_RECORDS TO USE:_
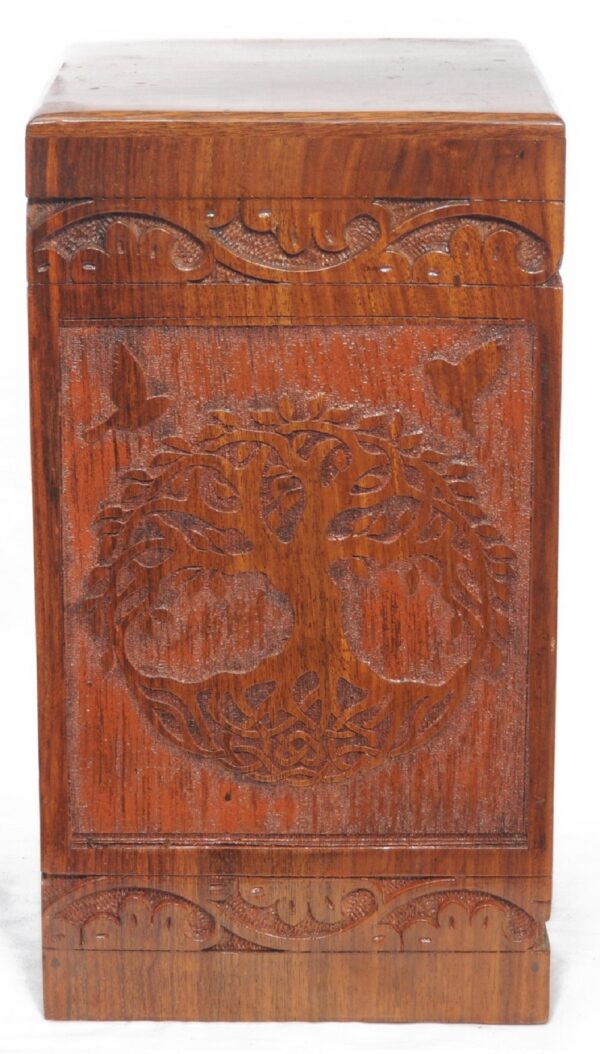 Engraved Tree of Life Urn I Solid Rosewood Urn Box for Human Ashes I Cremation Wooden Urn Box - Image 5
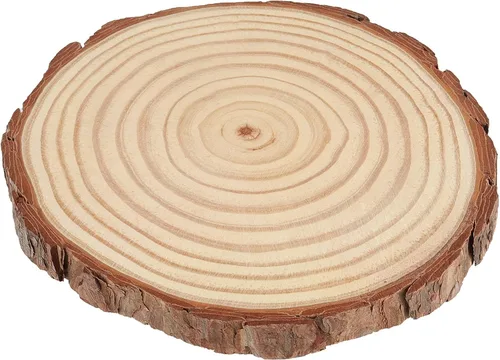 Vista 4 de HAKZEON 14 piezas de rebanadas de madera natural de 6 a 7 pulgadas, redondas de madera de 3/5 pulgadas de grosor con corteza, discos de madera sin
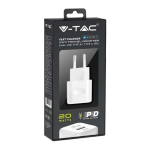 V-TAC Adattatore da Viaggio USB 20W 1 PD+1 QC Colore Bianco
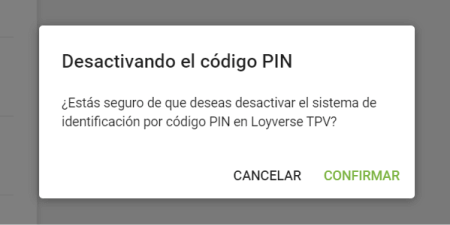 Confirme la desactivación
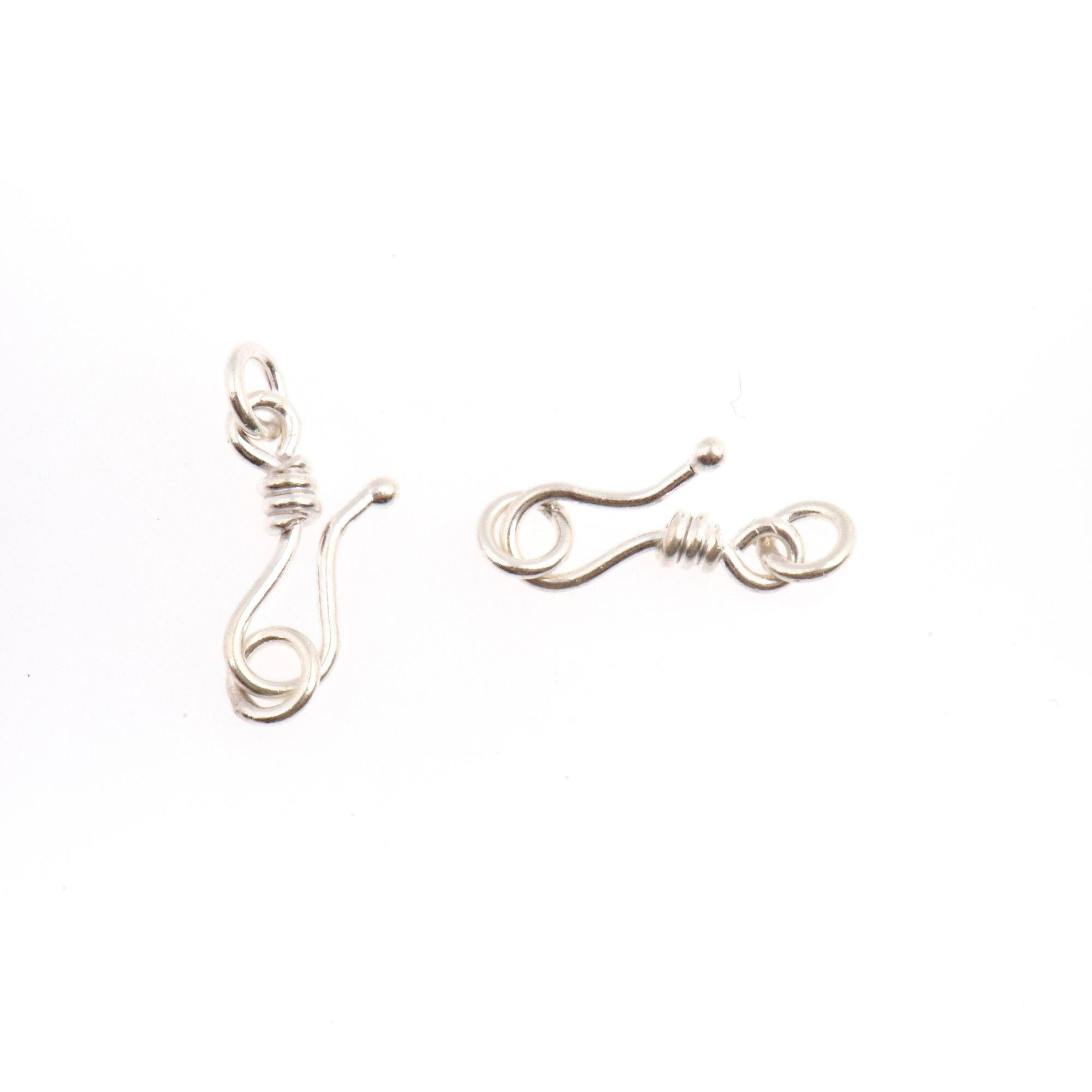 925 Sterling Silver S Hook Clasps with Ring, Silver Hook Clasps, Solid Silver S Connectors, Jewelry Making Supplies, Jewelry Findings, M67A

_WORK INSTRUCTION:_ Repeat the data above exactly, but not the pictures.

_SOLVED EXERCISE:_
 Engraved Tree of Life Urn I Solid Rosewood Urn Box for Human Ashes I Cremation Wooden Urn Box - Image 5
 Vista 4 de HAKZEON 14 piezas de rebanadas de madera natural de 6 a 7 pulgadas, redondas de madera de 3/5 pulgadas de grosor con corteza, discos de madera sin
 V-TAC Adattatore da Viaggio USB 20W 1 PD+1 QC Colore Bianco
 Confirme la desactivación
 925 Sterling Silver S Hook Clasps with Ring, Silver Hook Clasps, Solid Silver S Connectors, Jewelry Making Supplies, Jewelry Findings, M67A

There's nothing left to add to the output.